(Input data begins)
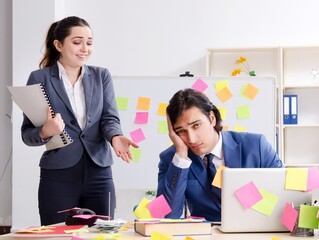 Two colleagues employees working in the office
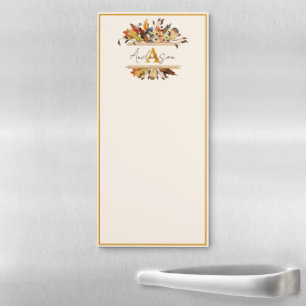 Autumn leaves frame personalized magnetic notepad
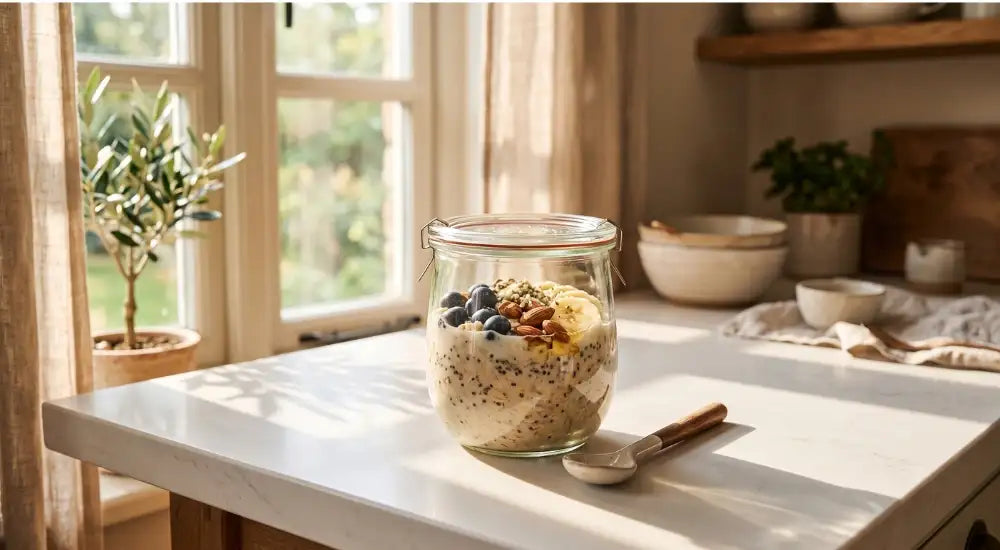 bol d'overight oats dans une cuisine le matin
(Input data ends)
• Try it: The material must be returned exactly, with its pictures omitted.

• Reply to the task:
 Two colleagues employees working in the office
 Autumn leaves frame personalized magnetic notepad
 bol d'overight oats dans une cuisine le matin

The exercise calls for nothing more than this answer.